Nei contrasti tra paesi formalmente debitori e paesi creditori dell’UE, molto semplicemente, i secondi non si fidano dei primi e pretendono garanzie, se non addirittura pegni controfirmati. Il problema è che i paesi creditori stanno esprimendo la propria posizione mentre in quelli debitori i morti da Covid-19 continuano a crescere e le terapie intensive degli ospedali sono al collasso. Conti alla mano e accettata la logica capitalistica, i paesi creditori potrebbero avere pure tutte le ragioni del mondo. Ma la razionalità tecnocratica è solo una fra le razionalità disponibili e la Storia è piena di momenti in cui avere ragione non basta. Un’emergenza sanitaria con costi umani così alti è proprio uno di quei momenti.
L’evoluzione del drammatico scenario politico europeo sarà ovviamente anche legata a doppio filo all’evolversi della diffusione pratica del virus Covid-19 in Europa. Una diffusione che per ora è stata eterogenea, ma che potrà avere ulteriori effetti nelle prossime settimane e nei prossimi mesi (così come dimostrano l’attuale disomogeneità di statistiche, differenza di curve temporali, paradossi di dati). Bisognerebbe conoscere la mappatura del virus fra 2 settimane o 2 mesi, per potersi orientare meglio tra le disperate tattiche nazionali in gioco, per poter capire quanto l’emergenza possa dare o meno maggiore consapevolezza della necessità di un approccio transnazionale.
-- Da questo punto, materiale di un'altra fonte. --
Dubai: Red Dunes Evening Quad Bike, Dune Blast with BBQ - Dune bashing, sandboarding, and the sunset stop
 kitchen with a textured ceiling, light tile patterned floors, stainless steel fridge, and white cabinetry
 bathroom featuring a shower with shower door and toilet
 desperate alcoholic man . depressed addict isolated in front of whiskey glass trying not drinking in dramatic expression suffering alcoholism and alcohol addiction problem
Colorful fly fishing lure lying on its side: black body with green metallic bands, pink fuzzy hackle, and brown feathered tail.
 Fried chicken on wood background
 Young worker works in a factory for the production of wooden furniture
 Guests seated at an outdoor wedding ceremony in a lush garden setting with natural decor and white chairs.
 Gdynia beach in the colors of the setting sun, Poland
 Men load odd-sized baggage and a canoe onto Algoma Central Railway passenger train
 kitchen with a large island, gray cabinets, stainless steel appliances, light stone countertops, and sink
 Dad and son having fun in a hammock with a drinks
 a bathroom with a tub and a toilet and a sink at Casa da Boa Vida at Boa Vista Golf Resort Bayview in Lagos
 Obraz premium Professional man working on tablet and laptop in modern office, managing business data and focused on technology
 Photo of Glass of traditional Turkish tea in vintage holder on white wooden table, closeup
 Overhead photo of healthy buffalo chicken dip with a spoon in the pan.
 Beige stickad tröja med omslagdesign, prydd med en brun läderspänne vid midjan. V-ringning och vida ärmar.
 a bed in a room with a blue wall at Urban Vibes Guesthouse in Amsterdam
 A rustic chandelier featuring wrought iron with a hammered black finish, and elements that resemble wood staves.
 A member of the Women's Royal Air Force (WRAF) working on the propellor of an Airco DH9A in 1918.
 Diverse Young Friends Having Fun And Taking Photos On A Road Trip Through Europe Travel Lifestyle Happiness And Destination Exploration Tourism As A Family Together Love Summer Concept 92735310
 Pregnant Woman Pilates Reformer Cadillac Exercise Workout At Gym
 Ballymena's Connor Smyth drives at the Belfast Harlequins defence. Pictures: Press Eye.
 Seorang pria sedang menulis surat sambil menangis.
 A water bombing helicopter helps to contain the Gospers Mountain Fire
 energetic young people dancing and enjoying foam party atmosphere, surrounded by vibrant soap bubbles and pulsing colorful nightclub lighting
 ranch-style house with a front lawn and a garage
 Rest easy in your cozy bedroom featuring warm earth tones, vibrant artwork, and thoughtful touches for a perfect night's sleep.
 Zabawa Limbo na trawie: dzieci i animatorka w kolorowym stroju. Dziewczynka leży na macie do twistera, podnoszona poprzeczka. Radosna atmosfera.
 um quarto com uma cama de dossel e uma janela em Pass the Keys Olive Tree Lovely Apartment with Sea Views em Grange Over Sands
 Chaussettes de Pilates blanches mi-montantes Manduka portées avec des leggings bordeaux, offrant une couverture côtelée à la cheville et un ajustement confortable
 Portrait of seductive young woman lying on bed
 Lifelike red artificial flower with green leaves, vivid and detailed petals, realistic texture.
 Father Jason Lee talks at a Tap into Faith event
Se nell’Unione Europea verrà intanto trovata una soluzione, l’opzione più probabile è che i paesi UE si accordino infine su un uso del MES con condizionalità specifiche che riconoscano l’eccezionalità della crisi ai paesi in difficoltà. Si tratta di una soluzione che potrebbe essere accettata tatticamente da molti, ma che resterebbe molto fragile e spinosa. Per i paesi creditori potrebbe diventare troppo poco conveniente, soprattutto in una fase in cui loro stessi dovranno occuparsi di sostenere la propria economia reale. Per i paesi debitori potrebbe rivelarsi un dono avvelenato che verrebbe molto velocemente rifiutato da una cittadinanza esausta nella lotta contro il Covid-19. Possibilità alternativa è che invece i governi europei decidano di creare strumenti, organi e figure di gestione straordinari e temporanei ad hoc per l’emergenza, in modo da poter bypassare la modifica delle formule canoniche UE.
Lo scenario e gli scenari qui descritti sono in continua mutazione accelerata. Quanto scritto potrà essere molto velocemente fuori tempo. Si stanno decidendo in poche settimane dinamiche in corso da decenni. La sola cosa certa è che non ci sarà molto spazio per le dissimulazioni e per soluzioni di facciata. Qualche anno fa era ancora possibile parlare a vanvera di solidarietà europea e ignorare contemporaneamente la disoccupazione giovanile nel sud d’Europa o le periferie dimenticate ai margini delle zone di benessere. Oggi è impossibile parlare a vanvera di solidarietà europea, perché il palaghiaccio di Madrid è pieno di bare e l’Esercito italiano deve trasportare su camion militari i troppi feretri fuori dalla città di Bergamo. Al lutto i popoli rispondono di solito con il coraggio e con l’odio.
Dove non ci sarà coraggio, resterà solo l’odio.